I hope that ESPN had the timeout count wrong at the end of the game. It showed OSU with 2 remaining. They could have at least forced a punt at the end. It's not much, but it's better than conceding.

tOSU had first and goal in the first half with :17 remaining and 2 timeouts.
They call a time out instead of clocking it and thus keeping 2 timeouts for two plays and a FG attempt with clock stopped.
They were down to 1 timeout, had :17 on clock, and called a running play (which they did happened to score on).

The only possible explanation I could think of was that they had 2 plays called in case the run was stopped. (Keeping personnel out on the field). It was just a bizarre decision that I couldn't grasp. Don't know if anyone else noticed that or not.
 

I'd still use the last timeout and make them snap it one more time. Maybe that's being a little ridiculous, but even if it's 1 in a million they fumble it's still worth a shot.

I'd only do that if I were also going to try to bust up the kneel.

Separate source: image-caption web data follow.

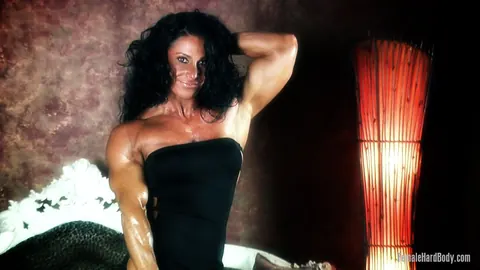 Debbie Bramwell: Thick Brunette MILF Flexes Her Muscles and Big Ass in a Bikini and Dress – photo 3 of 21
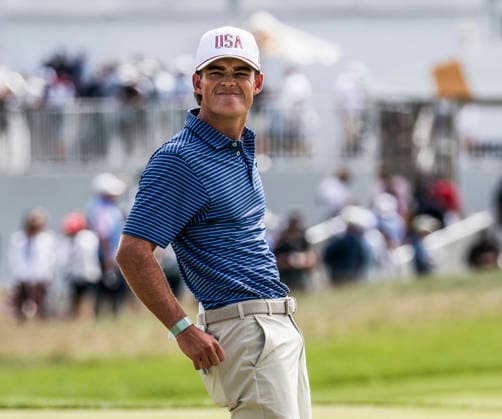 Jackson Koivun of the US reacts as he misses his putt on the fourth hole during round one Four-ball play in the Presidents Cup golf tournament at Medinah Country Club in Medinah, Illinois on Thursday, September 24, 2026.  MED20260924840 TANNENxMAURY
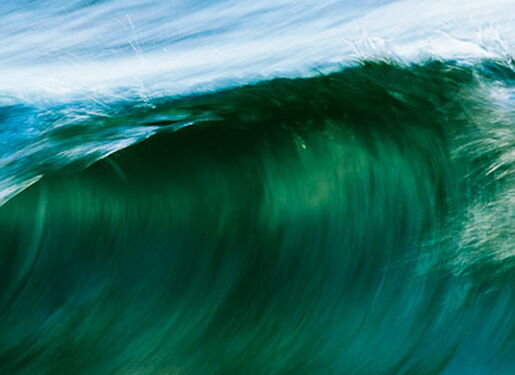 Das Bild zeigt eine große Ozeanwelle in verschiedenen Blau- und Grüntönen. Die Welle rollt sich über und erzeugt eine dynamische und kraftvolle Szene. Das Wasser scheint in Bewegung zu sein, und am Kamm der Welle bildet sich weißer Schaum.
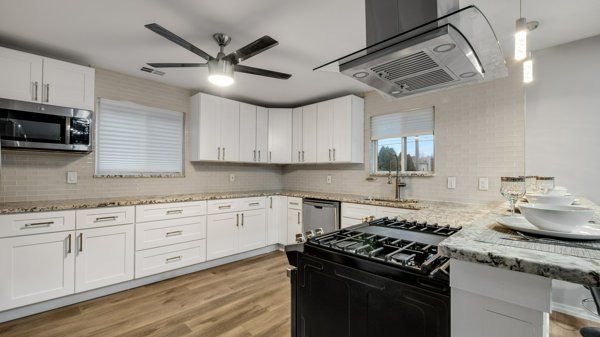 kitchen featuring white cabinetry, light hardwood / wood-style flooring, stainless steel appliances, and sink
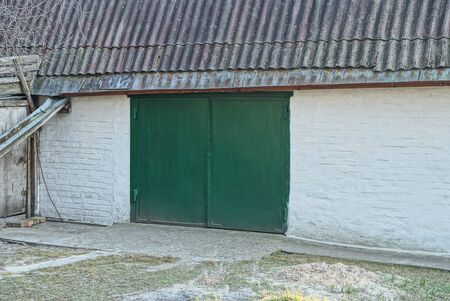 facade of a white brick garage with green iron gates under a gray slate roof on the streetの写真素材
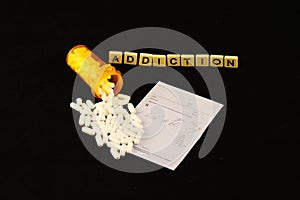 Addiction spelled out with tiles, spilled prescription pills on a prescription pad on a black background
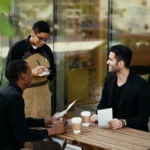 Waiter taking the order of two men sitting at a table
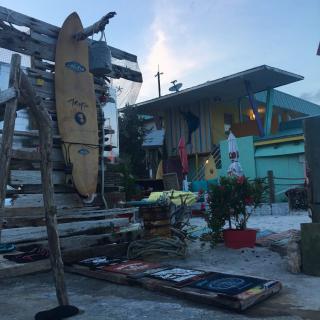 A colorful coastal building with surfboards and artwork displayed outside.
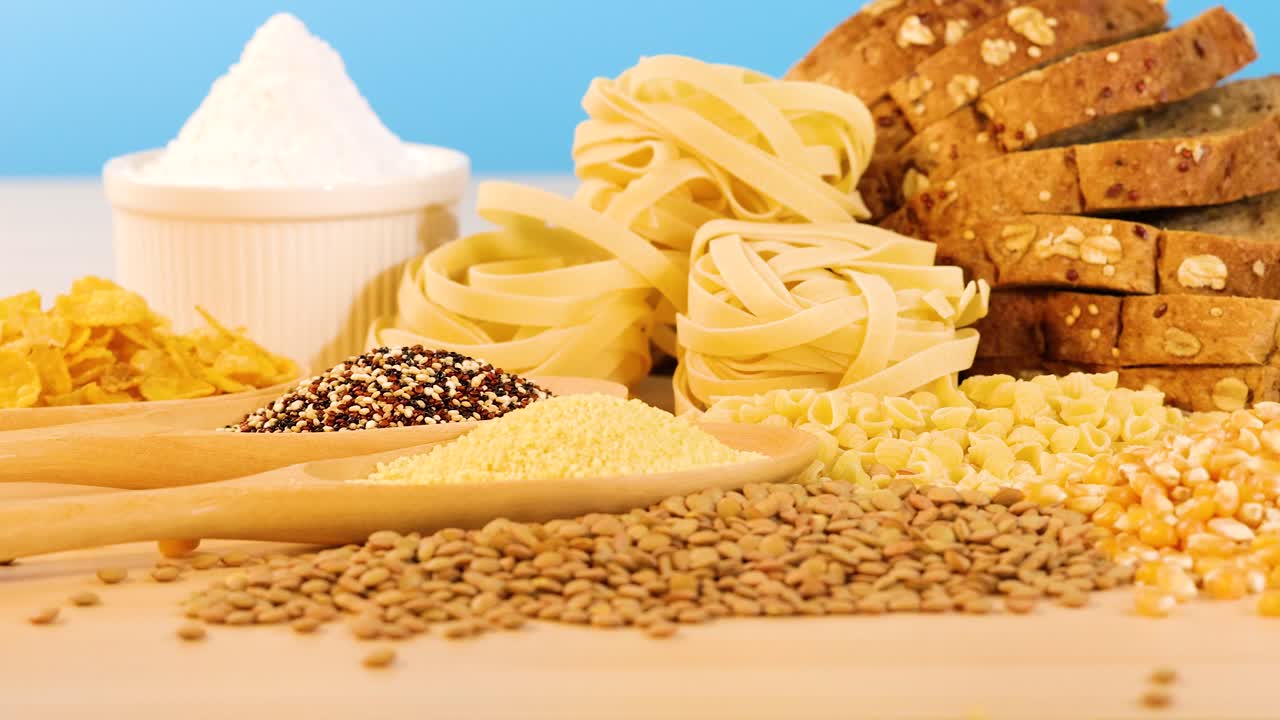A variety of grains, pasta, and bread arranged on a wooden surface with a blue background, under bright lighting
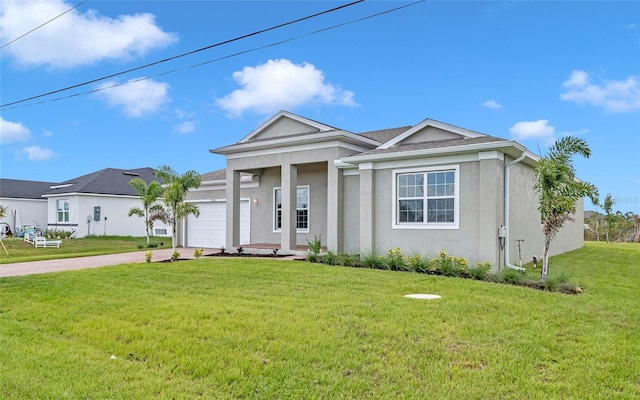 view of front of house featuring a garage and a front lawn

I think I am one of the few people who was actually okay with Schiano doing that, but either way, it seems silly to call a timeout, not to go after the ball but just to hope they find some way to drop it and then you find a way to get it.
 

I'd only do that if I were also going to try to bust up the kneel. I think I am one of the few people who was actually okay with Schiano doing that, but either way, it seems silly to call a timeout, not to go after the ball but just to hope they find some way to drop it and then you find a way to get it.

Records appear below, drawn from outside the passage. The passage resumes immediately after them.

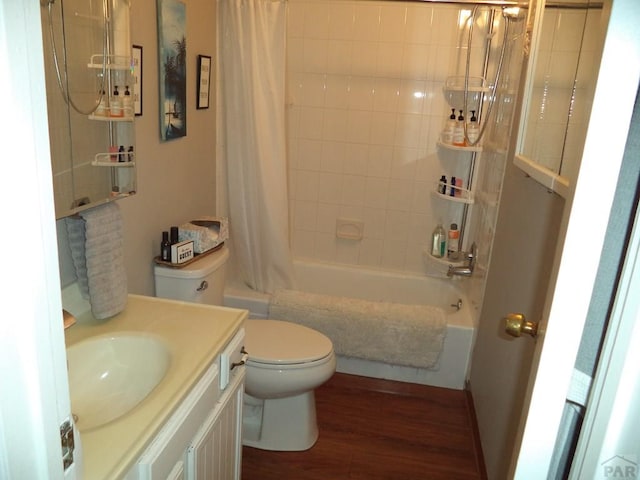 full bath featuring toilet, vanity, wood finished floors, and shower / bath combination with curtain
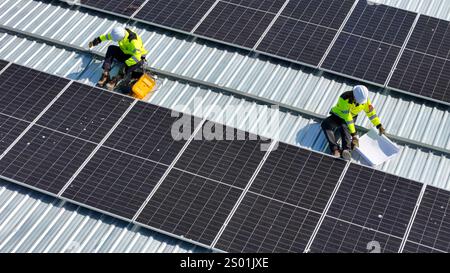 Two technicians are securely working on a roof covered with solar panels, focusing on installing or maintaining the modules under clear skies. Safety Stock Photo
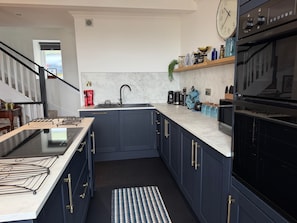 Une cuisine moderne avec des meubles de rangement bleu foncé, un plan de travail en marbre, une cuisinière noire et une horloge au mur.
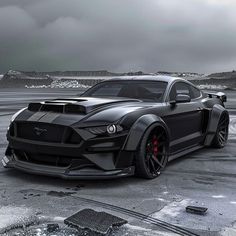 a black car parked on top of a snow covered parking lot next to a mountain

I was fine with it as well. If a QB can just stand there and not take a knee right away, then I'm fine with the defense firing hard at the snap.
 

LSU is not worried about losing fans I don't think. I think you might be in the minority here.

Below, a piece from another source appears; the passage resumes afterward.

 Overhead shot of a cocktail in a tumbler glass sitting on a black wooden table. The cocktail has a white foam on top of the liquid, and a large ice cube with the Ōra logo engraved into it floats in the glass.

I don't like it either. I don't like it in high school, I don't like it in college. However, if it isn't going to be enforced by penalty it would be stupid not to take advantage of it.

Are you really telling me that because an LSU coach instructs his players to stay down with a minor injury rather than hustling off the field for the next play the LSU player has lost all integrity?


As rodent rampage pointed out, I would call it unsportsmanlike conduct. Regardless, there is some conduct that I think is cheating regardless of whether there is an explicit rule against it. I would put conduct which the rules commttee labeled as "contrary to the spirit of the rules" which "cannot be tolerated" in that category. If I signed up for a recreational softball league, and the other team bribed an ump before a game, I would consider that cheating even if nobody had bothered to write down an explicit prohibitiion against it. When players take a provision of the rules designed to protect players (injury timeouts) and through dishonesty induce the officials into invoking that rule in a situation where, by the letter of the rule, it should not be invoked (it says play may be stopped for an injured player, not for a player pretending to be injured), I put that in the same category.

If the Gophers did this kind of stuff, and it was systemic like it seems to be with LSU, I would call the ticket office, ask for a refund, and certainly not renew my tickets. With the well-documented struggles of our program, I have spent plenty of money watching bad teams (and I would do it again), but I would have no stomach for watching dishonest ones.

There are two things you can always control in sports, your effort level and your integrity. It hurts to see young players like LSU's so willing to throw away their integrity the way they were in front of such a large audience. Their conduct was disgusting, and detrimental to the notion of fair play. I hope to heck that there is not a coach trying to convince these young men to do this.